Par ailleurs, si les crédits pour les bourses aux élèves de l’AEFE augmentent de 10 millions d’euros, nous ne devons pas oublier qu’il faudra faire face, dans le courant de l’année 2023, à la très forte inflation touchant les frais de scolarité dans certains pays du monde. L’impact de ces hausses sur les bourses n’a pas été inscrit dans le budget, et il y a là une vraie source de préoccupation.
Car si le surplus nécessaire pour le versement des bourses aux élèves a été pris en charge ces dernières années par la soulte de l’AEFE, la réserve n’est plus aujourd’hui que de 15, 5 millions d’euros et devrait être épuisée à la fin de 2023. Ainsi, la question de l’augmentation de ces crédits se posera donc en 2024 ou peut-être même avant.
Pour conclure, je souhaiterais rappeler qu’il nous faut considérer cette mission avec attention, parce qu’elle est certainement la seule à subir à la fois les effets de l’inflation et du risque de change.
À court terme, les crédits, qui restent contraints, demeurent stables en valeur et diminuent très peu en volume.

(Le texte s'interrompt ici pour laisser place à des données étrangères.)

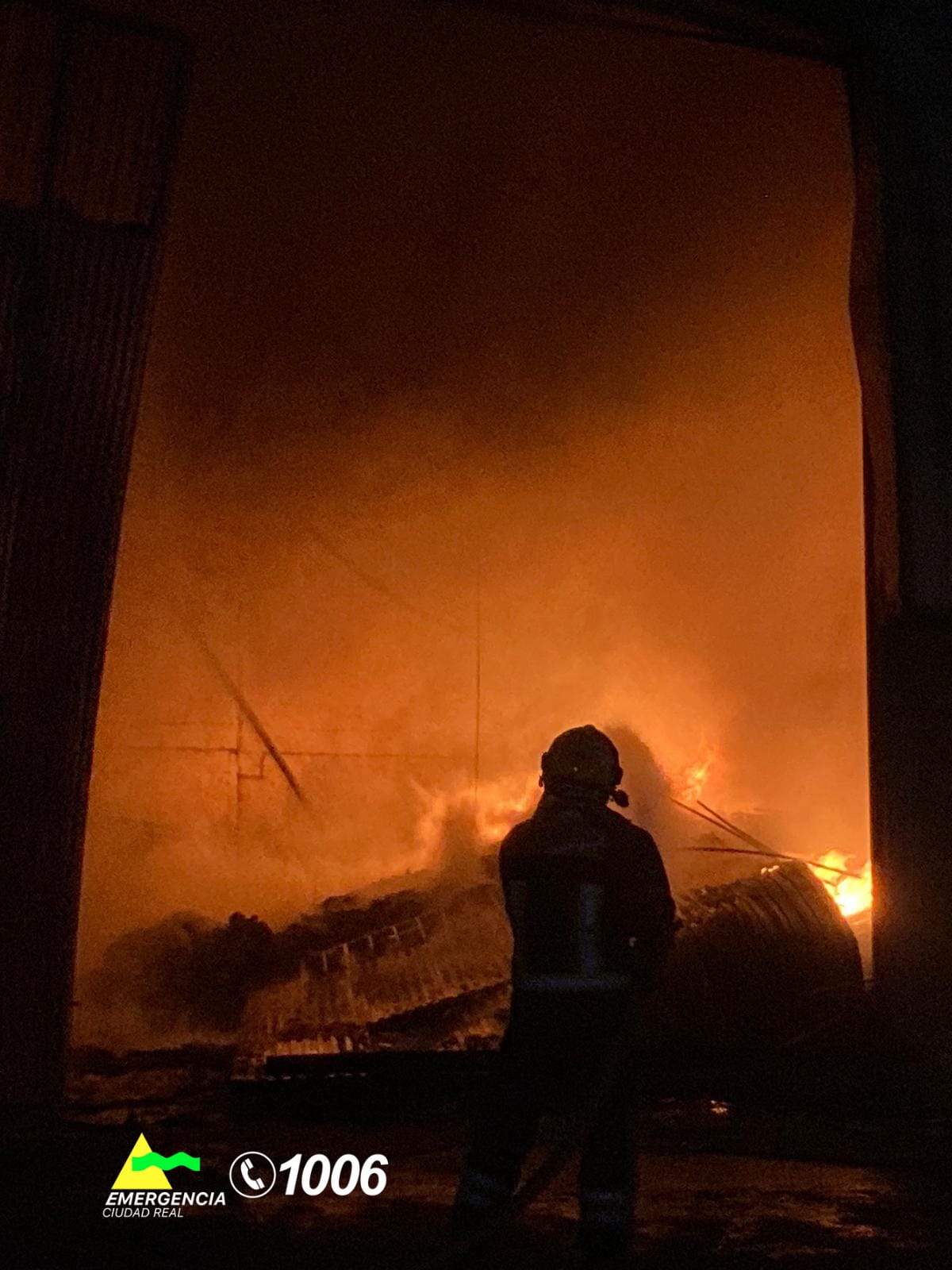 Los bomberos están trabajando en las labores de extinción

À moyen terme cependant, une baisse en volume de l’ordre de 100 millions d’euros est prévue d’ici à 2025 sur l’ensemble de la mission, comme l’a rappelé mon collègue Vincent Delahaye.
Je ne suis pas sûr que cette baisse soit crédible, et je ne pense pas qu’elle soit souhaitable. En effet, les économies antérieures ont mis en tension le réseau et il apparaît désormais nécessaire de redonner les crédits et les effectifs suffisants si nous voulons préserver notre présence auprès de nos compatriotes à l’étranger et développer véritablement notre diplomatie d’influence dans le monde. Au vu de la loi de programmation des finances publiques, nous pouvons nourrir certaines interrogations.
La commission est favorable à l’approbation des crédits de cette mission. Toutefois, je n’en doute pas, le Sénat sera vigilant à ces enjeux, non seulement au cours de cette année, mais aussi, et surtout, au cours des années ultérieures.